Photoacoustic Imaging and Emission Spectroscopy of Tumour Vascularisation

A Gertsch, M Jaeger, NL Bush, JC Bamber; in collaboration with S Eccles, Section of Cancer Therapeutics; M Frenz, University of Bern, Switzerland; M Fournelle, R Lemor, Fraunhofer Institute for Biomedical Technology, Saarbrucken, Germany; L Masotti, El.En. SpA, Florence, Italy; H Wittig, tp21 GmbH, Saarbrucken, Germany

Source of funding: European Union Marie Curie and Framework 6

Even single wavelength photoacoustic imaging of the spatial distribution of blood content has considerable potential value for tumour diagnosis, prognosis and monitoring response. Photoacoustic (PA) models of large blood vessels, which assume a homogeneous optical absorption, do not provide good descriptions of tumour microvasculature. We therefore introduced the concept of a randomly inhomogeneous optical absorption into the photoacoustic imaging model, by analogy to the inhomogeneous scattering model used for many years in ultrasound imaging. 

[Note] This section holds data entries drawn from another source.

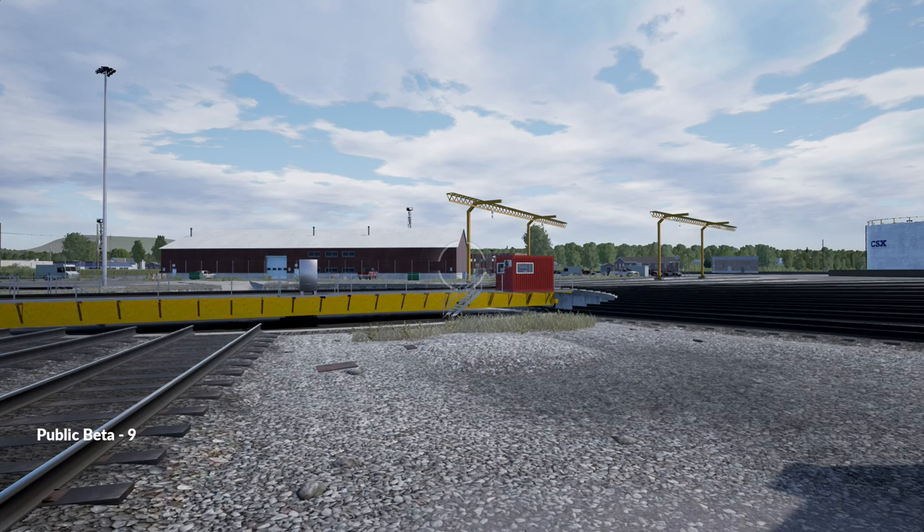This is a series of short videos each covering a different aspect of the Train Sim World CSX Heavy Haul public beta. In this video I'm going to look at the cameras.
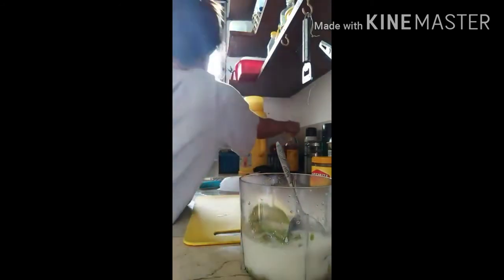I add 1 tablespoon of honey. I think I need a little bit more. This is the honey brand that I use.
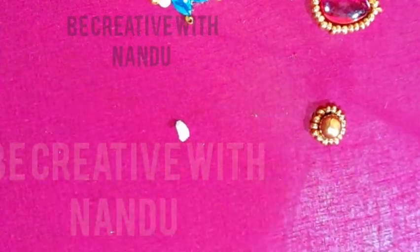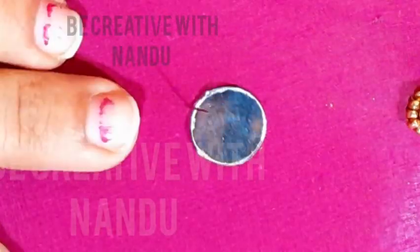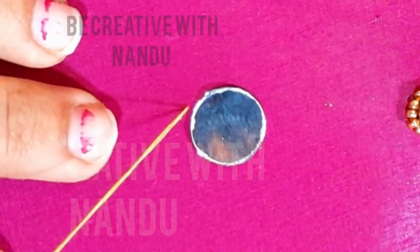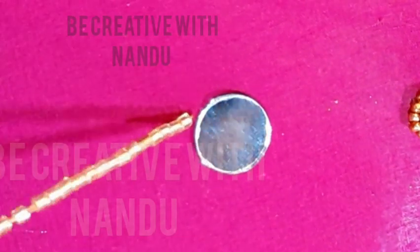Hi all, welcome back to our channel. This is simple and easy. You can do it like this. It is easy to use this design in a normal mirror. It is easy to make a mirror.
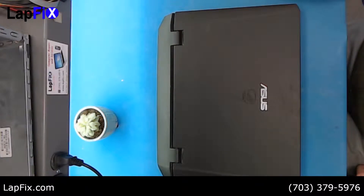Hey guys, today we have an ASUS laptop. It's the GG75VW and we're going to be showing you how to do an SSD upgrade on it.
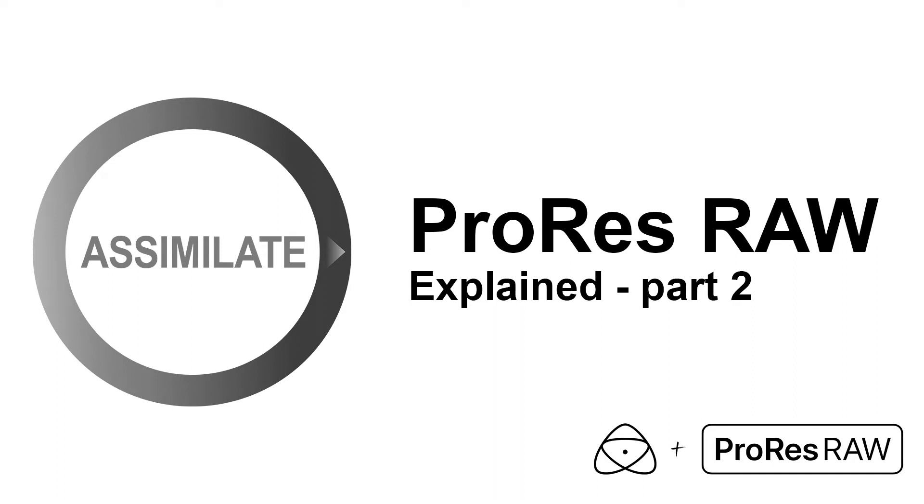Hi everyone! Before we deep dive into working with ProRes RAW, let's take a closer look at this format, how it works and what it has to offer.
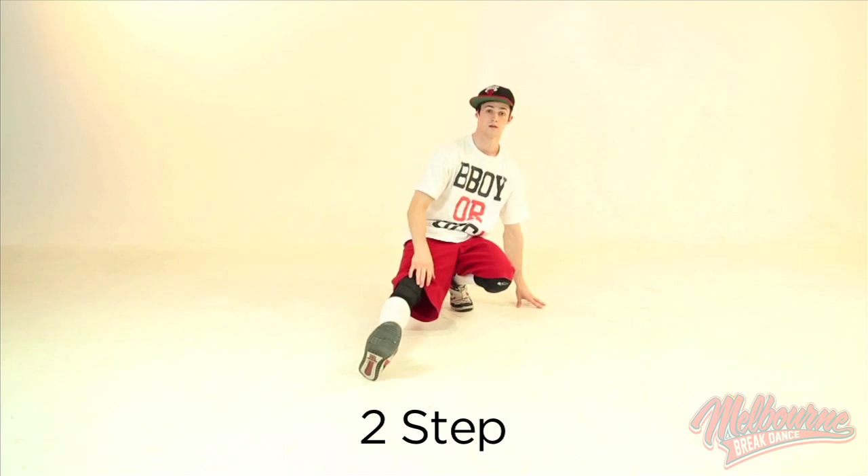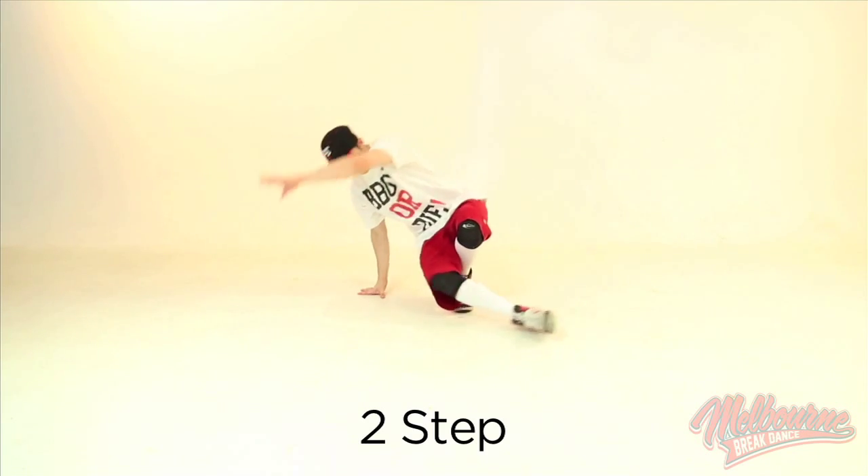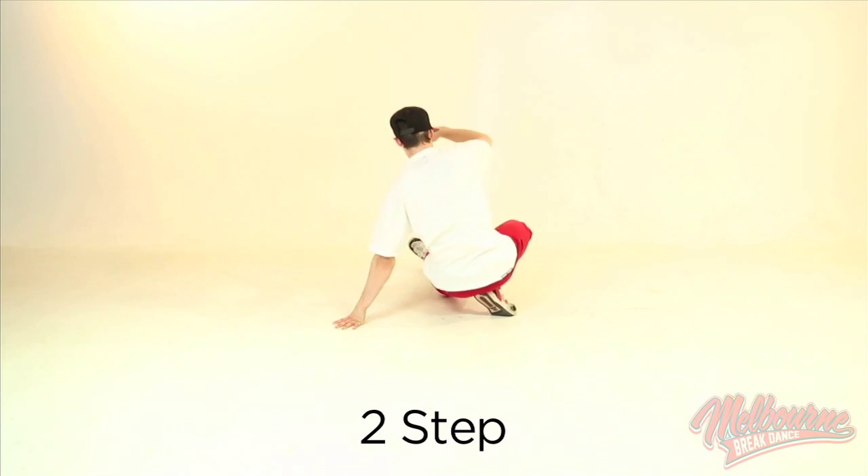This step is the two step. We're going to start with one leg out, which is your helicopter leg, swing under and then land on your swinging leg. Sit down on it and then switch.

Phantoms, simulations and an analytical model have demonstrated that a degree of absorption inhomogeneity improves the quality of images of macroscopic targets, as measured by target contrast-to-noise ratio and by completeness of the displayed target boundary. At the extremes of small scale and large scale inhomogeneity, mean PA (speckle) signal intensity increases with absorber scale r as r3, and decreases as r-1, respectively. As a result, there is an intermediate scale of inhomogeneity, associated with the bandwidth of the ultrasound transducer, at which the overall target visibility is maximum. 

It was also shown that a cepstral analysis of the acoustic emission spectrum may be used to automatically determine the size of microscopic optical absorbers. Recent work demonstrated that, in a phantom containing multiple randomly-distributed vessels, the characteristic vessel size remained measurable by this method so long as it was substantially smaller than the mean spacing between vessels (Figure 12). Ongoing work aims to determine whether such methods can be made provide an in vivo vessel size index for eventual use as a cancer response biomarker.